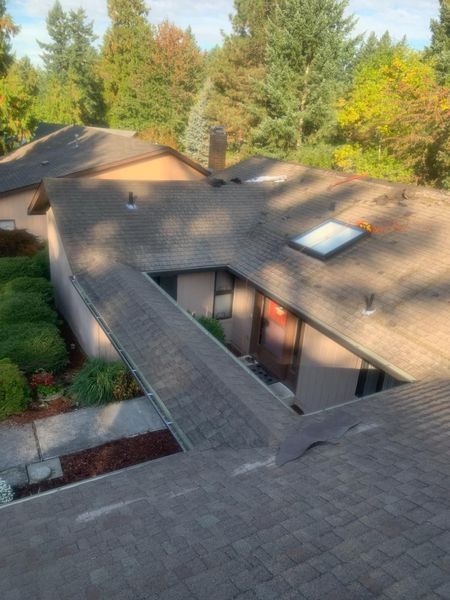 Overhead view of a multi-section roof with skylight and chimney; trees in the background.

==

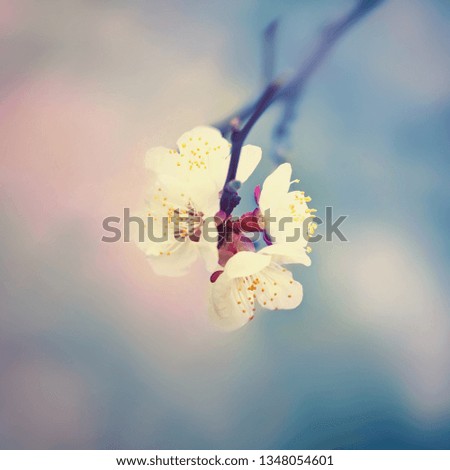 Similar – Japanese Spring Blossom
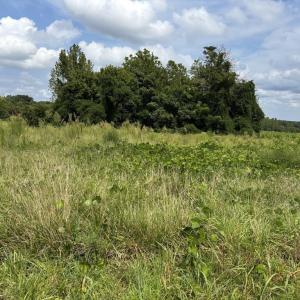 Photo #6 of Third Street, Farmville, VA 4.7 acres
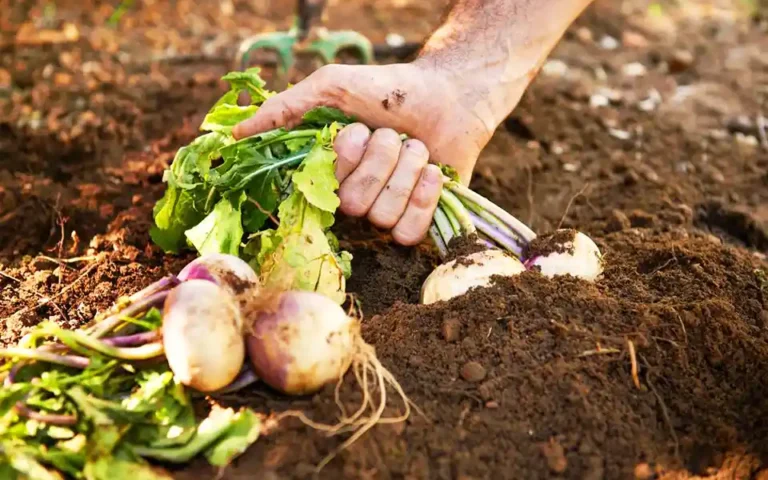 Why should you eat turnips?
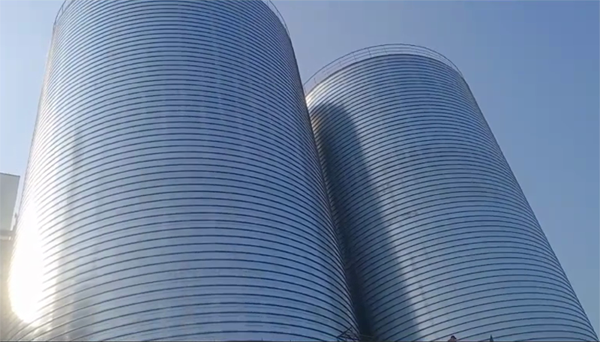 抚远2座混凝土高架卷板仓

▶ **PROBLEM DETAILS**
Reproduce, exactly and only, the lines of the records above starting at the line with "Photo #6 of" and ending at the line with "抚远2座混凝土高架卷板仓", both included. Leave every picture out.

▶ **ANSWER TO THIS EXERCISE**
 Photo #6 of Third Street, Farmville, VA 4.7 acres
 Why should you eat turnips?
 抚远2座混凝土高架卷板仓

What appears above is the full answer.